Stored dataset items:
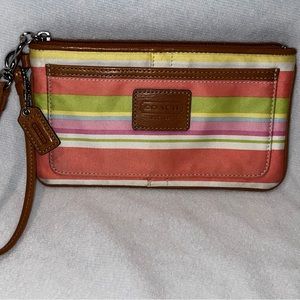 COACH Signature Pastel Striped Wristlet
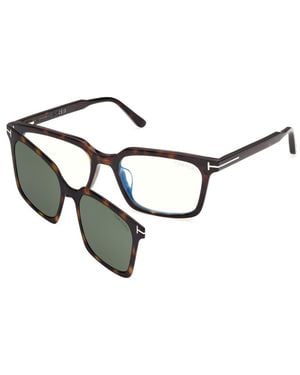 Tom Ford Ft6153-D-B Clip On Rectangular Sunglasses - Black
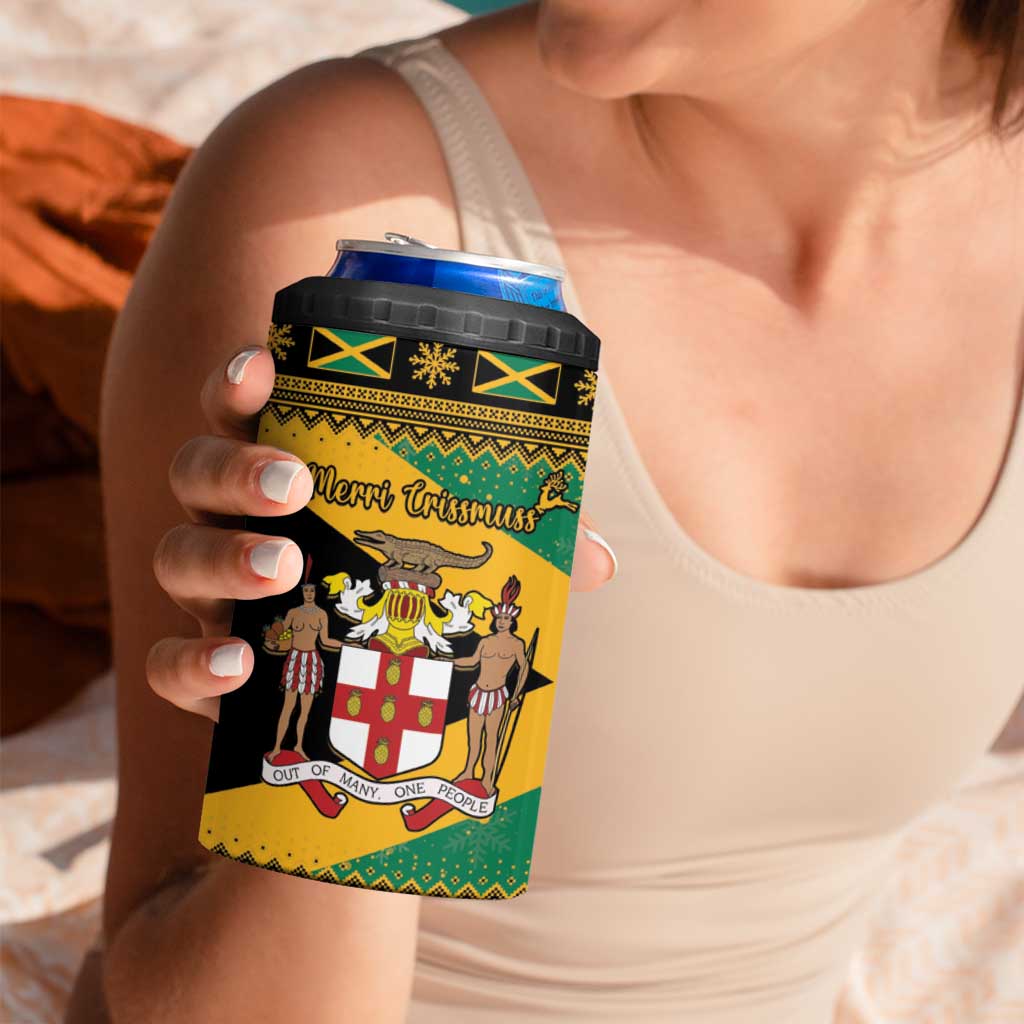Jamaica Christmas 4 in 1 Can Cooler Tumbler Coat Of Arms Merri Crissmuss - Wonder Print Shop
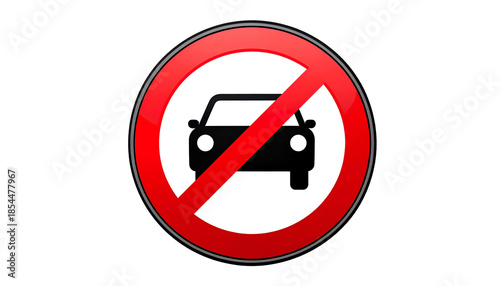 A red circle with a slash and a car silhouette indicating no vehicle access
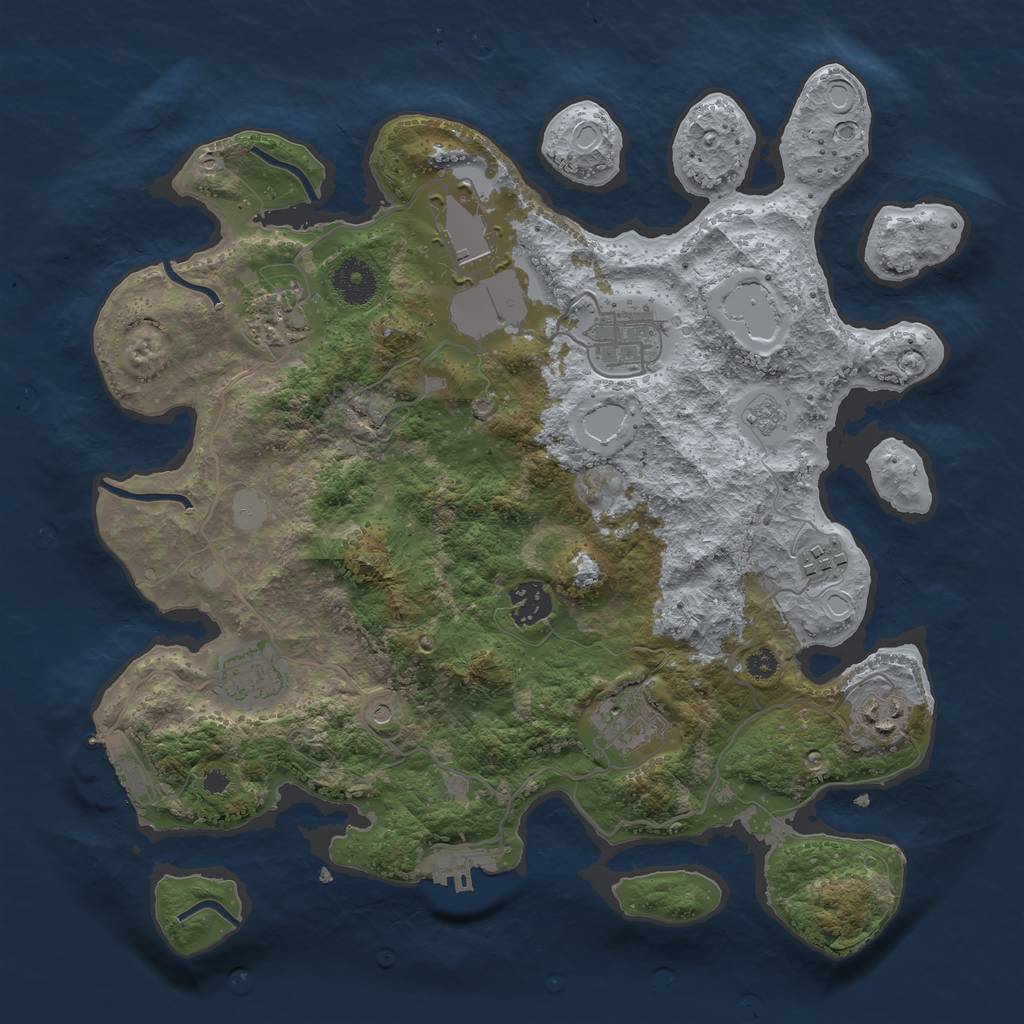 Rust Map: Procedural Map, Size: 3500, Seed: 1604972932, 17 Monuments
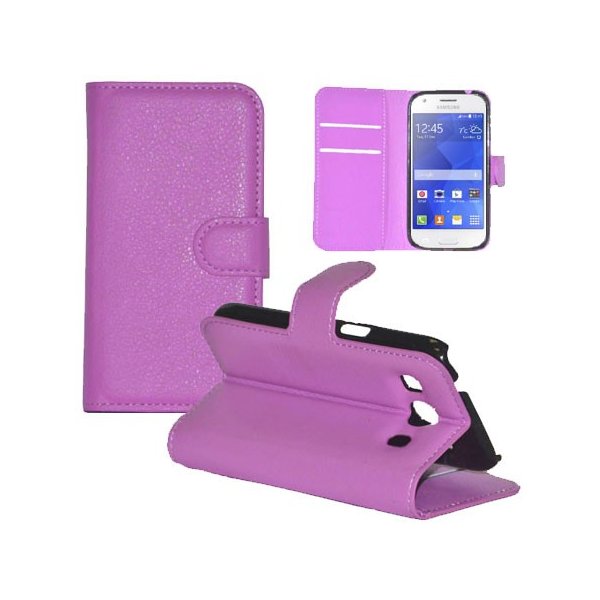 CUSTODIA FLIP ORIZZONTALE PELLE per SAMSUNG G357 GALAXY ACE 4 CON STAND, TASCHE PORTA CARTE E CHIUSURA MAGNETICA COLORE VIOLA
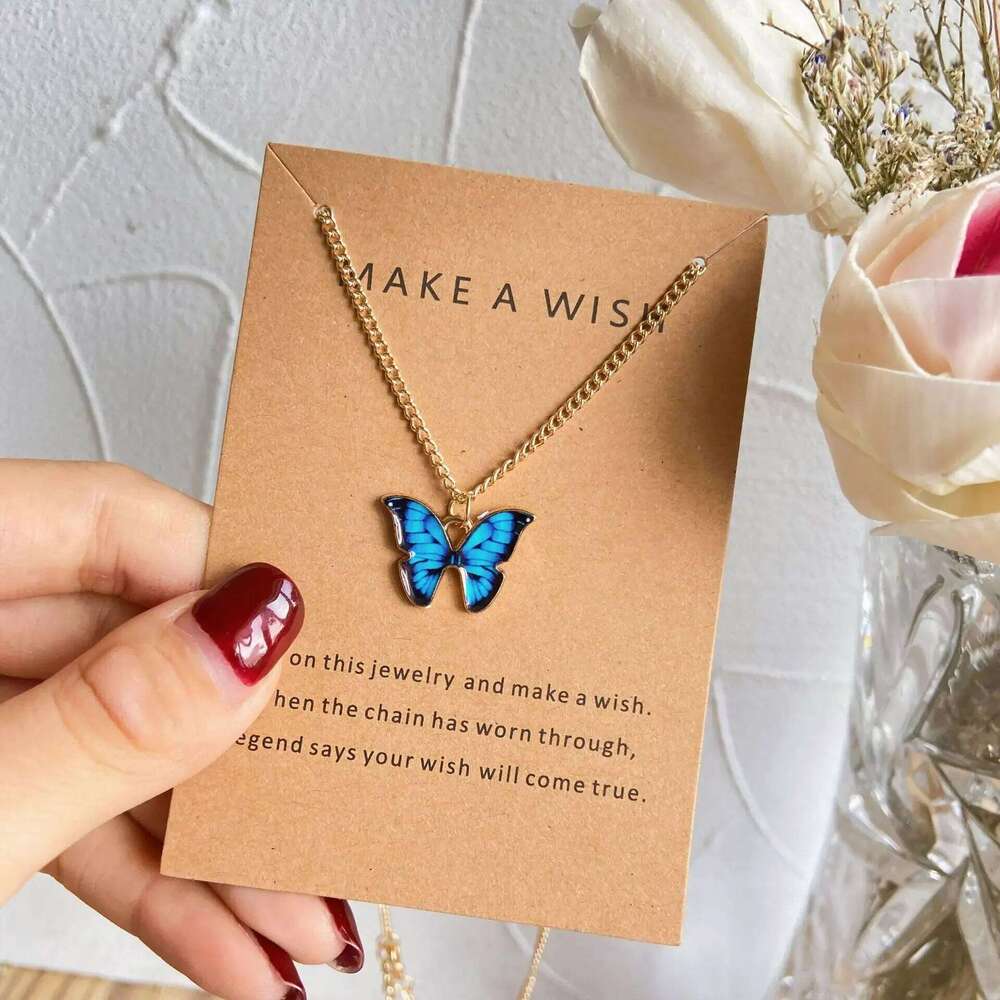 Women Korea Style New Butterfly Pendant Necklace Cute ly Neck Fashion Jewelry Gift for Girl H260312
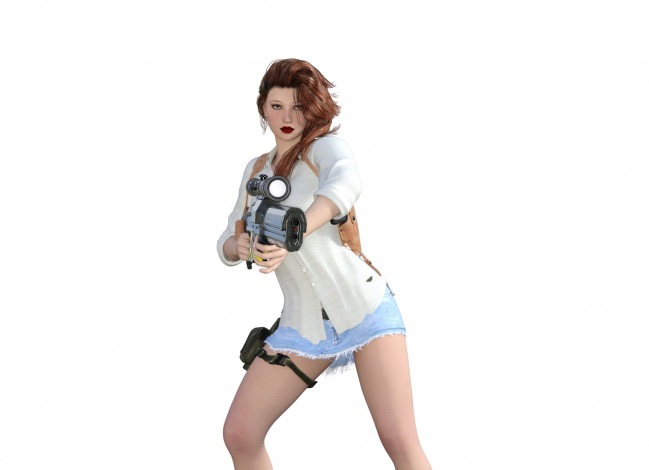 Обои картинки фото 3д графика, люди , people, фон, взгляд, девушка, оружие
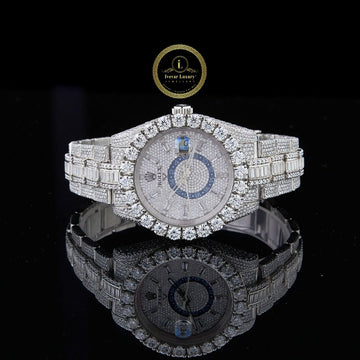 Full Iced Out Diamond Watch with Baguette Links Big Date & 24-Hour Dial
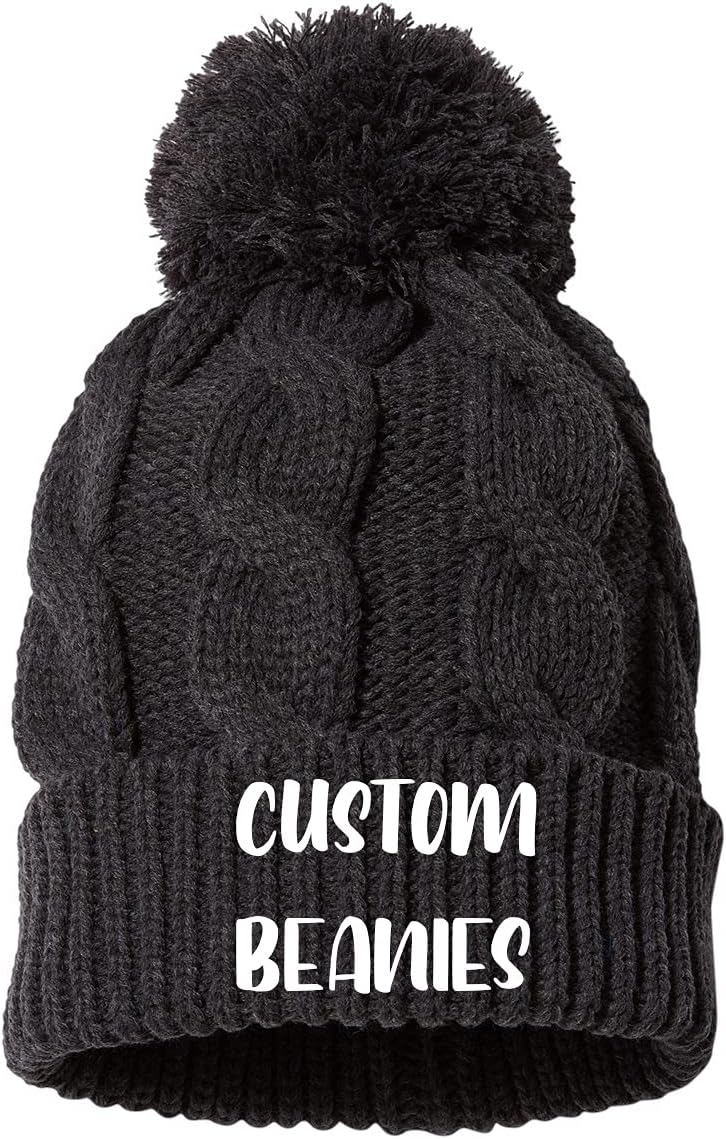 INK STITCH Unisex 141R Custom Stitching Twist Knit Beanie Pom Pom Hats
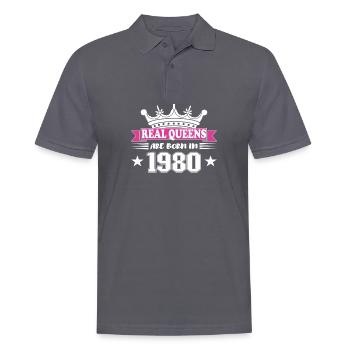 44 ans Anniversaire 1980 Anniversaire - Polo Homme - charbon - Devant - Nico (186cm)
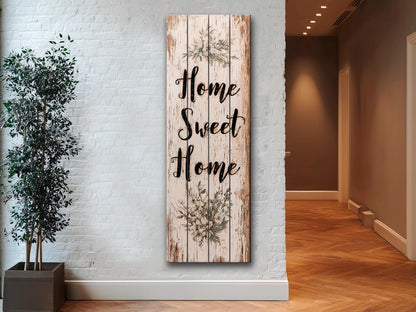 Rustic Wood Wall Art – Home Sweet Home Sign | Natural Linden Wood Plank Print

## Exercise instructions
Output only the stretch above from the line with "Women Korea Style" through the line with "Full Iced Out", reproduced exactly. Exclude pictures.

## Written solution
 Women Korea Style New Butterfly Pendant Necklace Cute ly Neck Fashion Jewelry Gift for Girl H260312
 Обои картинки фото 3д графика, люди , people, фон, взгляд, девушка, оружие
 Full Iced Out Diamond Watch with Baguette Links Big Date & 24-Hour Dial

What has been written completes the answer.